[Stored dataset items]
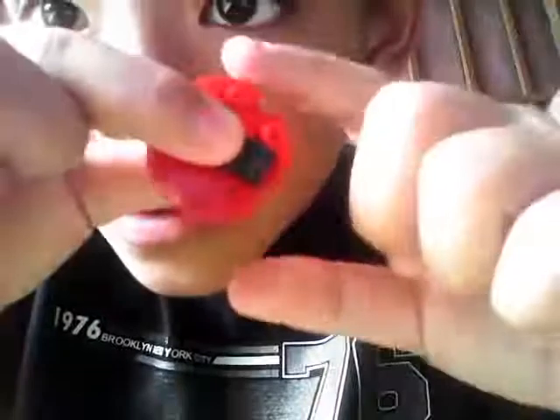And you need this piece, and put it right here. Right here, like so. So it looks like this.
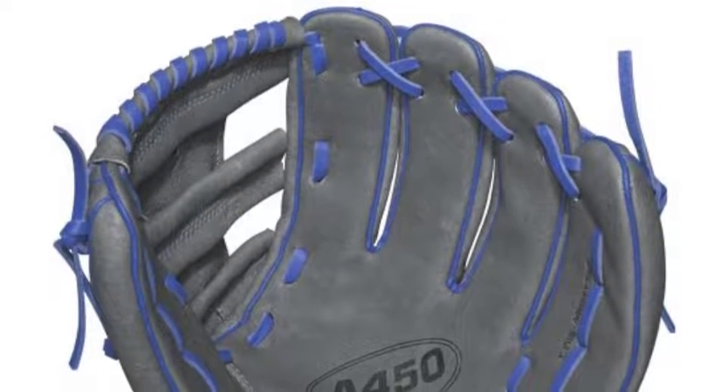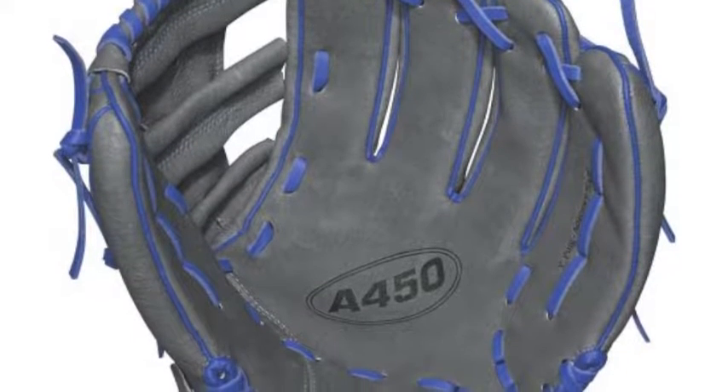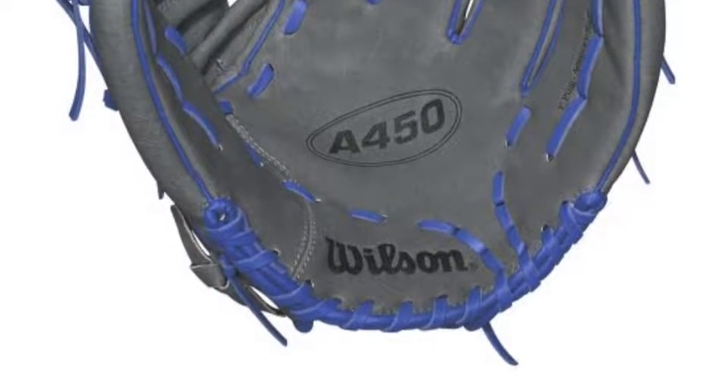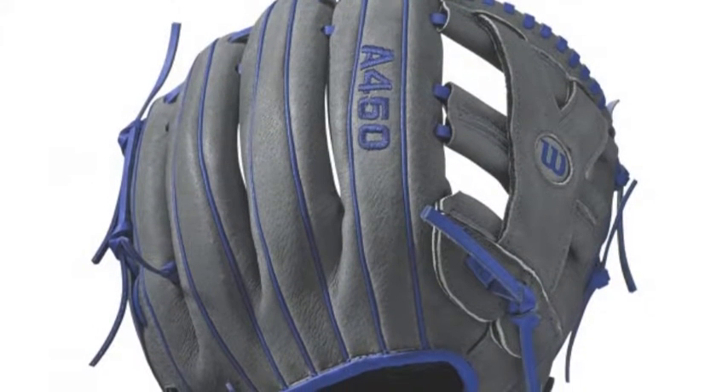You can look and feel like a professional player in the field this season by using a glove from Wilson's game model glove line. The Yejiel Puig all-positions glove, WDA04RB17YP66, is a tremendous example of one of the fine mitts from this line.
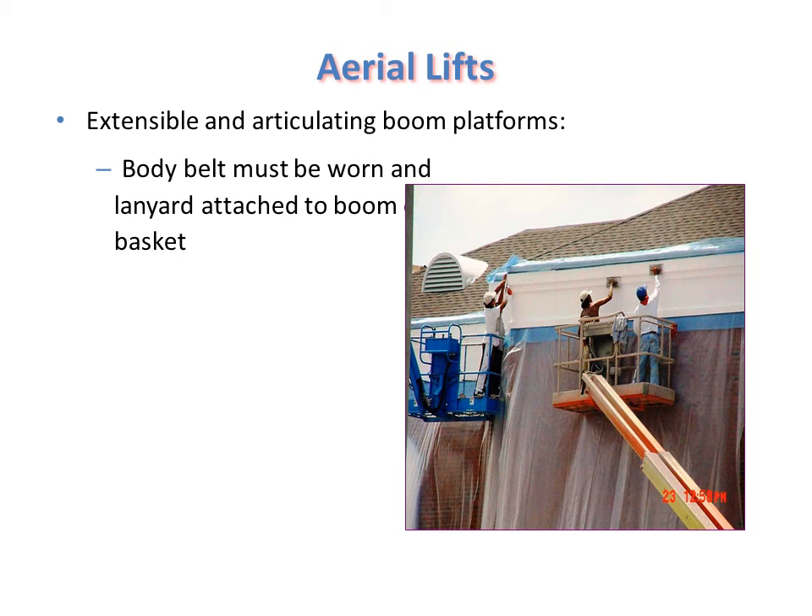For extensible and articulating boom platforms, a body belt must be worn. In this figure, workers at the tip of the boom are wearing hats that do not meet required standards and are not wearing harness belts. The basket itself has surrounding rails, but the worker must also wear a harness belt — if the basket moves accidentally by boom rotation, the person could fall, causing a hazard. The boom should not be moved when a person is working inside the basket.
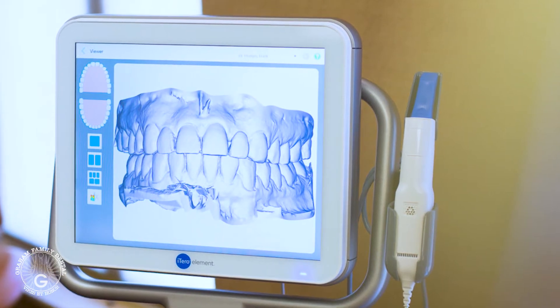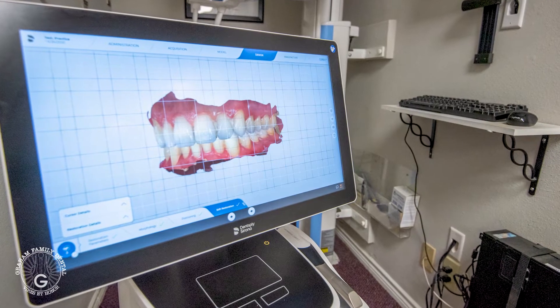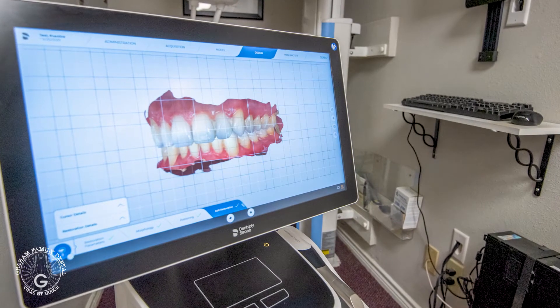I do have an iTero 2, which is what we used initially when we were doing Invisalign. Now I primarily use the PrimeScan digital scanner, which is just a fantastic piece of equipment.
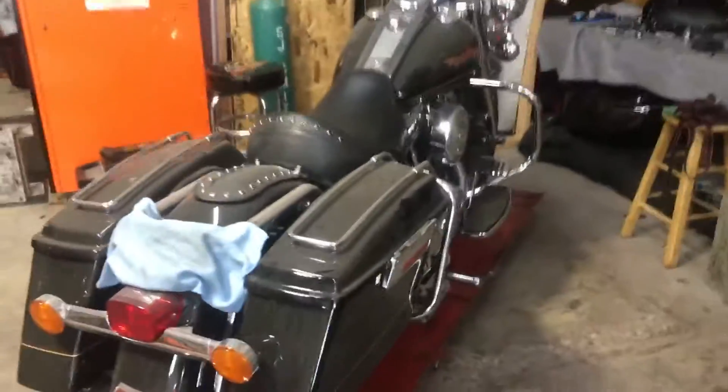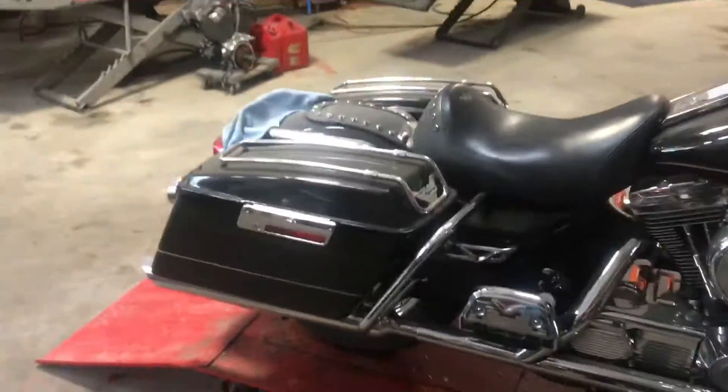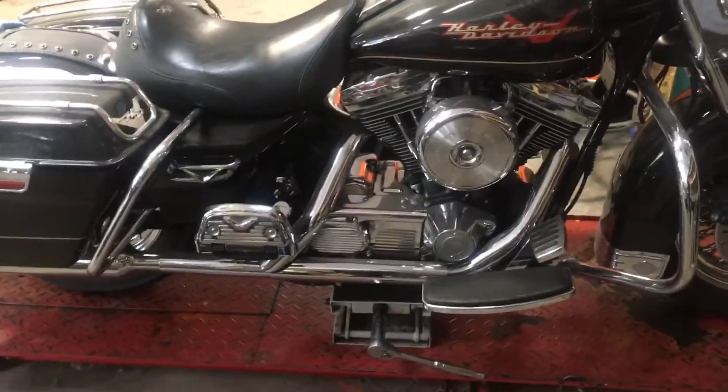Alright, next up we've got a dusty but very pretty '98 Road King doing some bolt-ons — handlebars, changing some lights, exhaust, and a few little things.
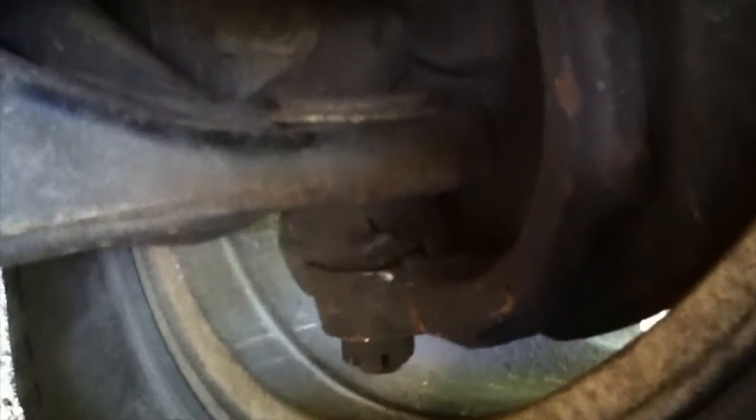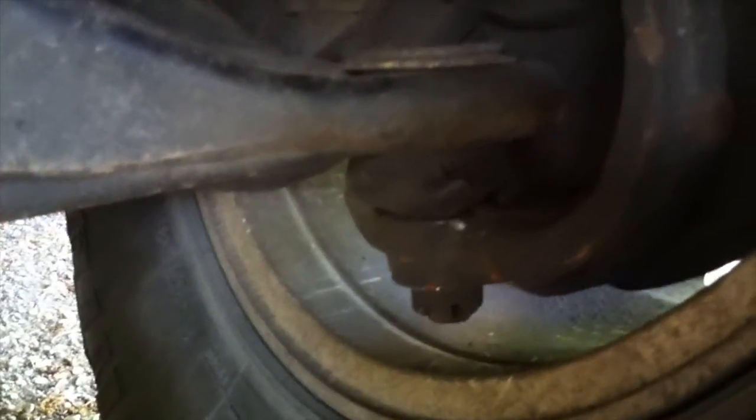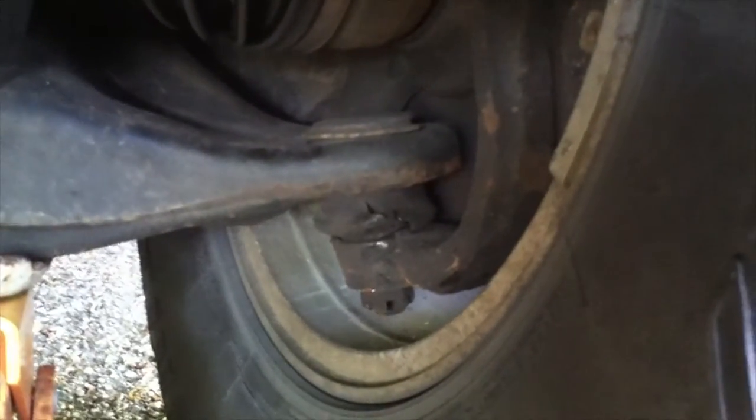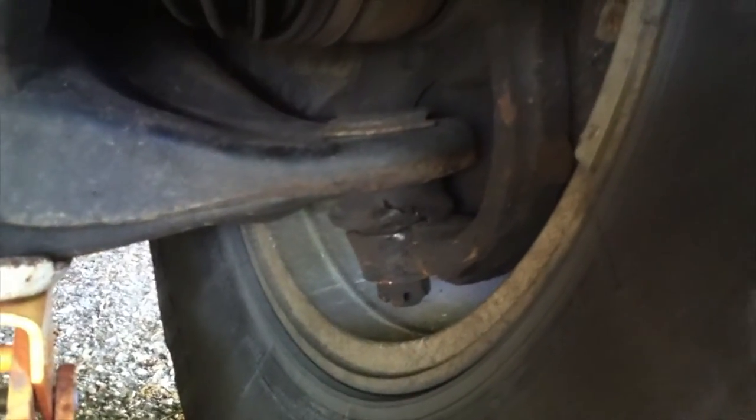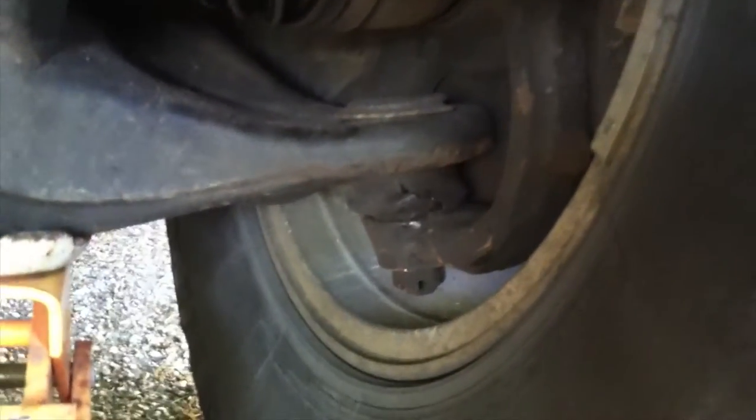You can pretty much hear it. There's pretty much just a lot of play on the driver side and the boot is pretty much toasted. Do a little bit more — you can see that play. So that needs to be replaced.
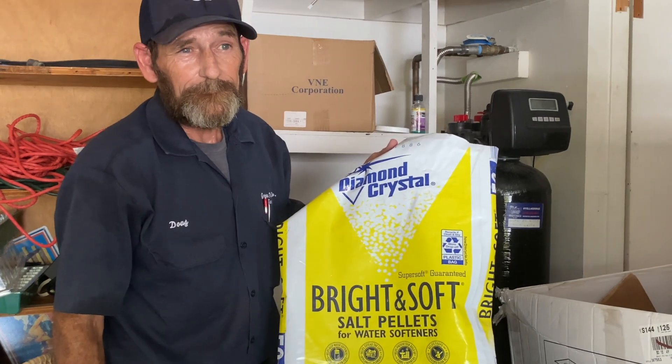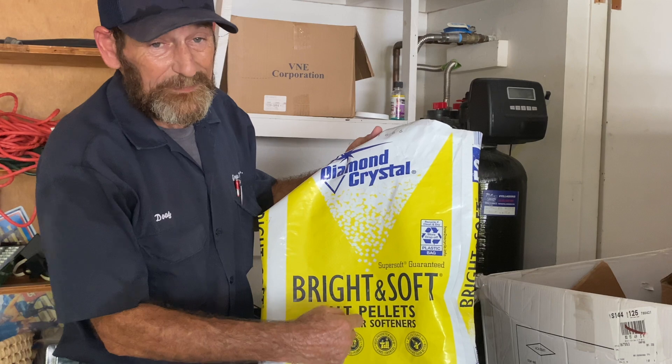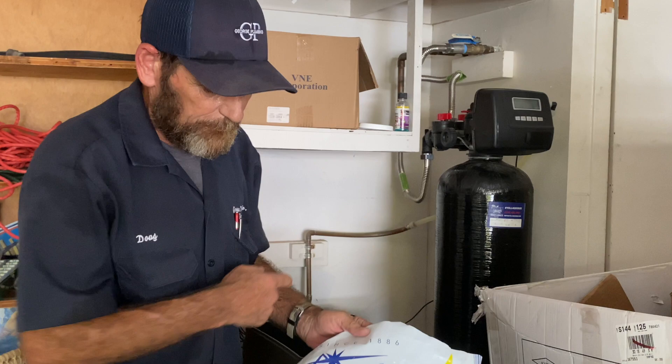This is what we recommend for using in your softeners. As long as it says pelletized salt or salt pellets, it's going to be a cleaner salt for you. That way you don't end up with much dirt inside your brine tank.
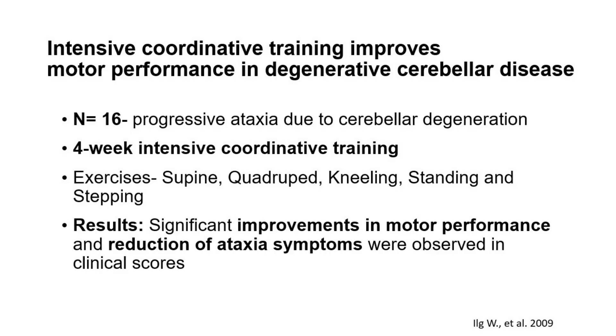Many of those fantastic research studies target acquired ataxias, like multiple sclerosis and traumatic brain injuries. But what about progressive degenerative ataxias that affect the entire cerebellum? This fantastic study, called Intensive Coordinative Training Improves Motor Performance in Degenerative Cerebellar Disease, included 16 individuals with progressive ataxia due to cerebellar degeneration. It was four weeks of intensive coordinative training. The exercises were supine, quadruped, kneeling, standing, and stepping. They found significant improvements in motor performance and a reduction of ataxia symptoms observed in clinical scores.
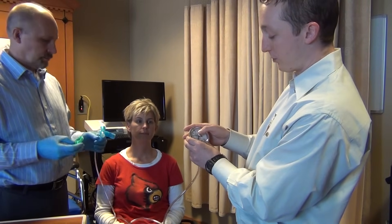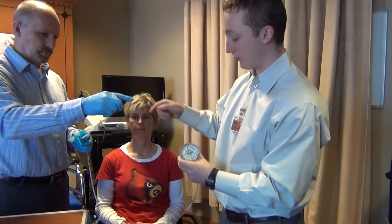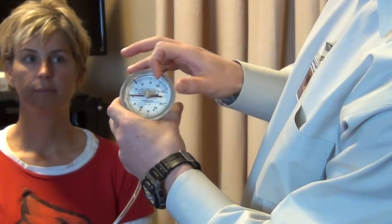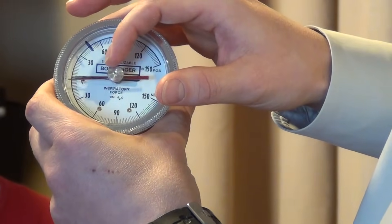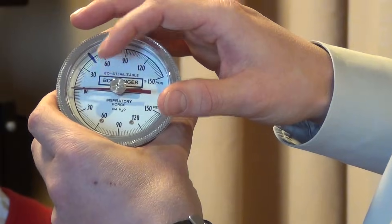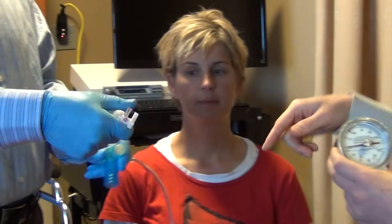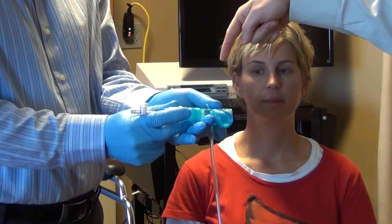For the inspiratory pressure test, you're going to put the red reference needle below the black needle. Because the pressure is negative, it's going to go in the opposite direction. So then we have to take the mouthpiece and put it on the other side so that it offers inspiratory resistance.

WORK ITEM -
The lines above starting at the one that holds "You can look" and ending at the one that holds "For extensible and" are to be written out exactly, ends included, and no pictures are to be copied.

RESULT FOR THIS EXERCISE -
You can look and feel like a professional player in the field this season by using a glove from Wilson's game model glove line. The Yejiel Puig all-positions glove, WDA04RB17YP66, is a tremendous example of one of the fine mitts from this line.
For extensible and articulating boom platforms, a body belt must be worn. In this figure, workers at the tip of the boom are wearing hats that do not meet required standards and are not wearing harness belts. The basket itself has surrounding rails, but the worker must also wear a harness belt — if the basket moves accidentally by boom rotation, the person could fall, causing a hazard. The boom should not be moved when a person is working inside the basket.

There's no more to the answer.